» **What you are asked to do**
Begin at the line that holds "465-467 Bethnal Green" and copy each line exactly until the data below ends, including that last line but no pictures.

» **Data block**

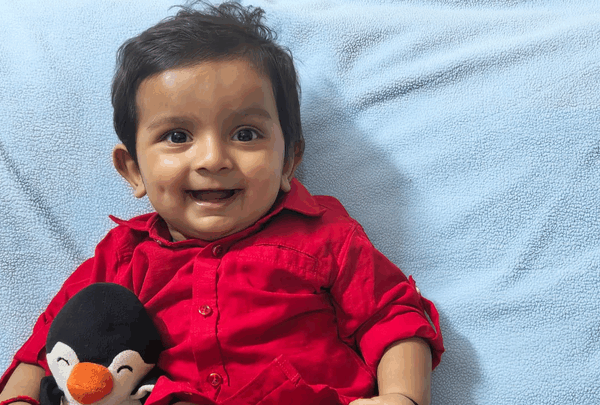 https://sadik-o.com - Urgent: Help Layam Win His Fight Against SMA Type 2
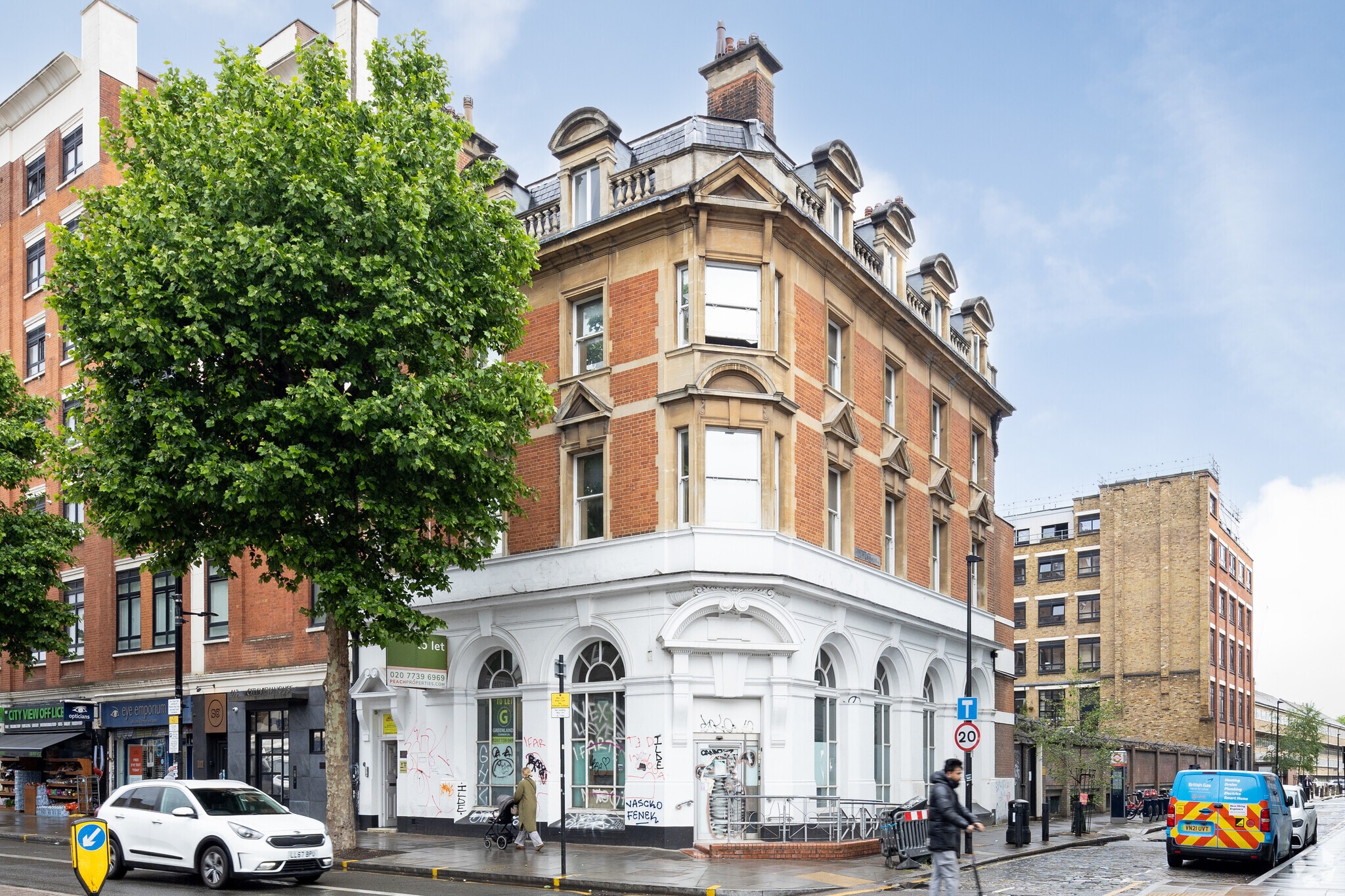 465-467 Bethnal Green Rd, London for sale Building Photo- Image 1 of 1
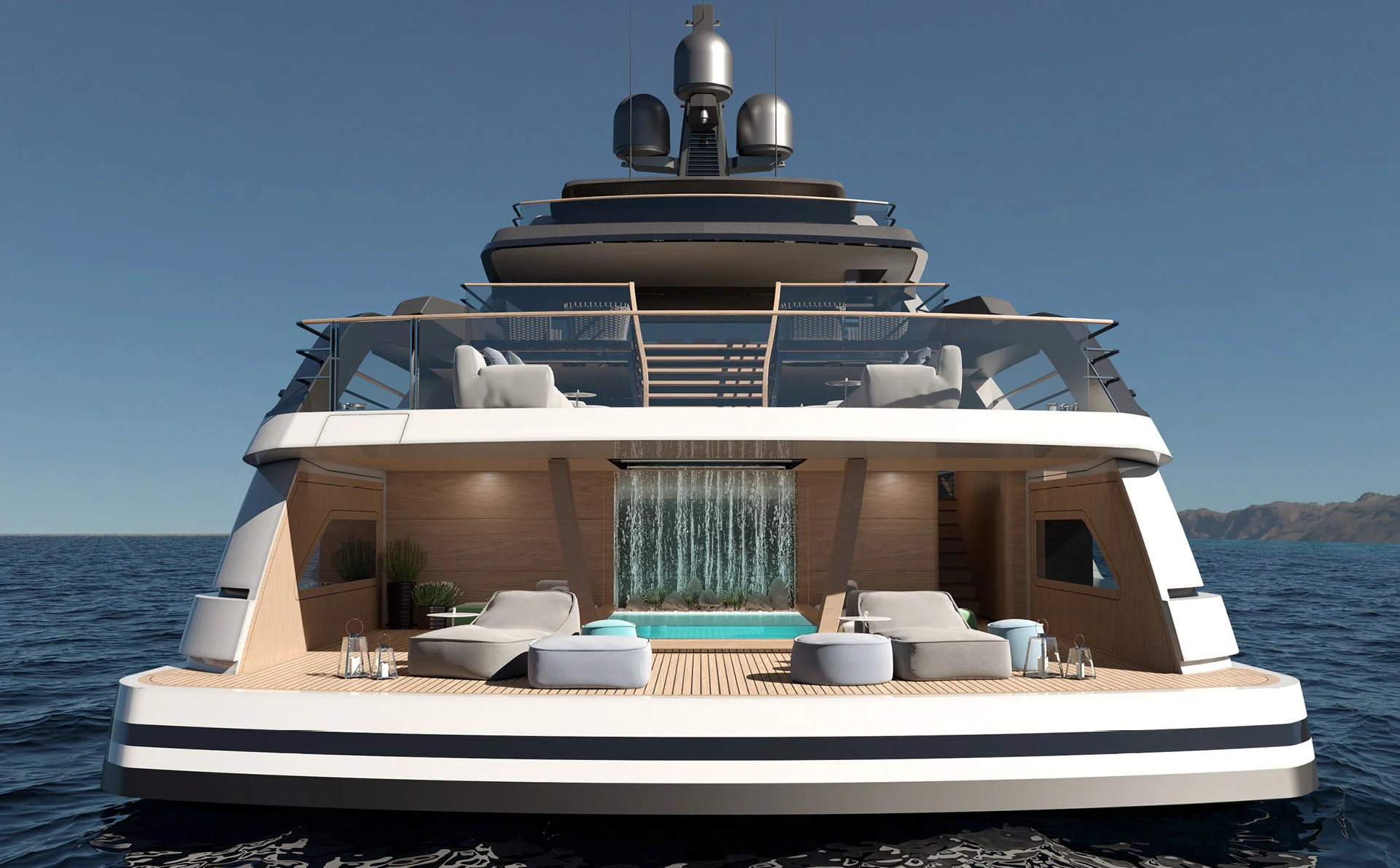 TANKOA Yachts T65 Sportiva — photo 10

» **Completed task**
 465-467 Bethnal Green Rd, London for sale Building Photo- Image 1 of 1
 TANKOA Yachts T65 Sportiva — photo 10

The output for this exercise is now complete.